Now that I’ve explained why I decided to go with the SteelSeries Arcis Pro headset, let’s take a look at a few unboxing pictures.
I’m only using two of these cables, but it has all the cables you need in the box.
How does it sound?
Now I am no sound aficionado, but for the ten or so hours of gaming I have done while using this headset it sounds fantastic to me! It does come with a sound volume limiter turned on by default, with games I had it turned all the way up or the second highest volume level, and it was plenty loud enough.
For videos I found myself turning it down quite a bit from the highest setting. I did turn the sound limiter off though, and it’s for sure plenty loud enough for games.
I don’t listen to much music while at my desk, but I do have an extensive classic rock music collection, so I did spends some time listening to some music with the volume turned all the way up with the sound limiter off. With Led Zeppelin, AC/DC, and others cranked up to the max, there was no distortion at all! I even played around with the built in equalizer. Here is a custom setting I set up directly on the desktop base station.
You can adjust the volume either with the desktop base station or the easy to find wheel on the left ear cup.

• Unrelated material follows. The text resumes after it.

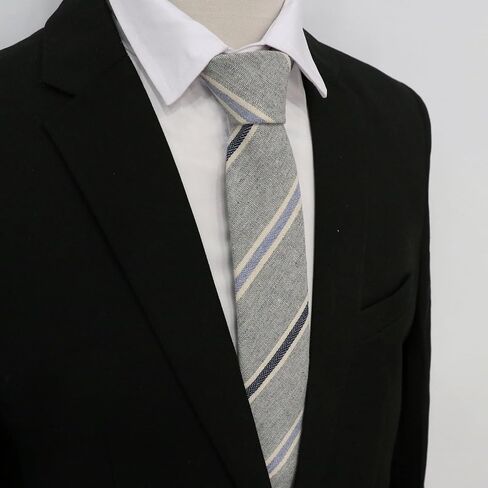 2.56'' Skinny Ties for Men, Sriped Mens Tie Cotton Linen NeckTie Men's Neckties for Business, Wedding, Groom in Saudi Arabia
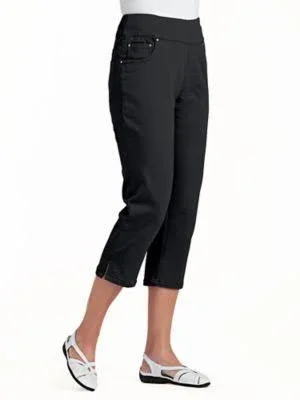 Blair Women's Petite Flat-Waist Washed Denim Capris - Black 12p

Either way you adjust the volume the display on the desktop base station temporarily turns like this and gives you a nice visual of how high the volume is.
After a few seconds it turns back to the normal display. Here you can see the charge level of the battery in the base station too.
I have not tried or used the blue tooth feature yet, but it supposedly works flawlessly.
So far I am very happy with my decision and purchase of this SteelSeries Arctis Pro Headset and I plan to get many years of enjoyment out of it
Edit: Just two days after I originally posted this Toms Hardware came out with a review
of this headset.
Plus the price has dropped even further to $264.